A game of bowling consists of ten frames. In each frame, the bowler will have two chances to knock down as many pins as possible with his bowling ball. In games with more than one bowler, as is common, every bowler will take his frame in a predetermined order before the next frame begins. If a bowler is able to knock down all ten pins with the first ball, he is awarded a strike. If the bowler is able to knock down all 10 pins with the two balls of a frame, it is known as a spare. Bonus points are awarded for both of these, depending on what is scored in the next 2 balls (for a strike) or 1 ball (for a spare). If the bowler knocks down all 10 pins in the tenth frame, the bowler is allowed to throw 3 balls for that frame. This allows for a potential of 12 strikes in a single game, and a maximum score of 300 points, a perfect game.


In general, one point is scored for each pin that is knocked over. So if a player bowls over three pins with the first shot, then six with the second, the player would receive a total of nine points for that frame. If a player knocks down 9 pins with the first shot, but misses with the second, the player would also score nine. When a player fails to knock down all ten pins after their second ball it is known as an open frame.

In the event that all ten pins are knocked over by a player in a single frame, bonuses are awarded.

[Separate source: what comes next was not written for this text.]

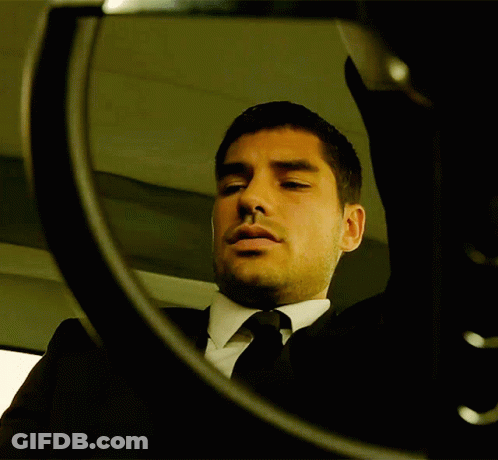 Man In Suit Looking In Mirror GIF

A ten-pin bowling scoresheet showing how a strike is scored.
  • strike: When all ten pins are knocked down with the first ball (called a strike and typically rendered as an “X” on a scoresheet), a player is awarded ten points, plus a bonus of whatever is scored with the next two balls. In this way, the points scored for the two balls after the strike are counted twice.
Frame 1, ball 1: 10 pins (strike)
Frame 2, ball 1: 3 pins
Frame 2, ball 2: 6 pins
The total score from these throws is:
  • Frame one: 10 + (3 + 6) = 19
  • Frame two: 3 + 6 = 9
TOTAL = 28

Two consecutive strikes are referred to as a “double.” (image unavailable)

A double's pinfall is:

Frame 1, ball 1: 10 pins (Strike)
Frame 2, ball 1: 10 pins (Strike)
Frame 3, ball 1: 9 pins
Frame 3, ball 2: 0 pins (recorded as a dash '-' on the scoresheet)
The total score from these throws is:
Frame one: 10 + (10 + 9) = 29
Frame two: 10 + (9 + 0) = 19
Frame three: 9 + 0 = 9
TOTAL = 57

Three strikes bowled consecutively are known as a “turkey” or “triple.” (image unavailable)

A triple's pinfall is:

Frame 1, ball 1: 10 pins (Strike)
Frame 2, ball 1: 10 pins (Strike)
Frame 3, ball 1: 10 pins (Strike)
Frame 4, ball 1: 0 pins (Gutterball)
Frame 4, ball 2: 9 pins
The total score from these throws is:
Frame one: 10 + (10 + 10) = 30
Frame two: 10 + (10 + 0) = 20
Frame three: 10 + (0 + 9) = 19
Frame four: 0 + 9 = 9
TOTAL = 78

Any longer string of strikes is referred to by a number attached to the word “bagger,” as in “four-bagger” or “five-bagger” for four or five consecutive strikes. Recently, the event of bowling four consecutive strikes has also been called a “sombrero” or “ham bone.” This terminology is used most often when a bowler is “off the strikes.” (i.e. has previously bowled a string of several strikes but failed to strike on his most recent ball.) When a player is “on the strikes,” a string is often referenced by affixing “in a row” to the number of strikes bowled consecutively. Six strikes in a row are sometimes referred to as a “six pack.” Six strikes and nine strikes in a row can also be referred to “Wild Turkeys” and “Golden Turkeys” respectively. Any string of strikes starting in the first frame or ending “off the sheet” (where all of a bowler’s shots from a certain frame to the end of the game strike) are often referred to as the “front” or “back” strikes, respectively (e.g. the “front nine” for strikes in frames 1-9, or the “back six” for strikes in frames 7, 8, and 9 with a turkey in the tenth). A “Perfect Game” or 12 strikes in a row is also colloquially referred to as the “Thanksgiving Turkey.”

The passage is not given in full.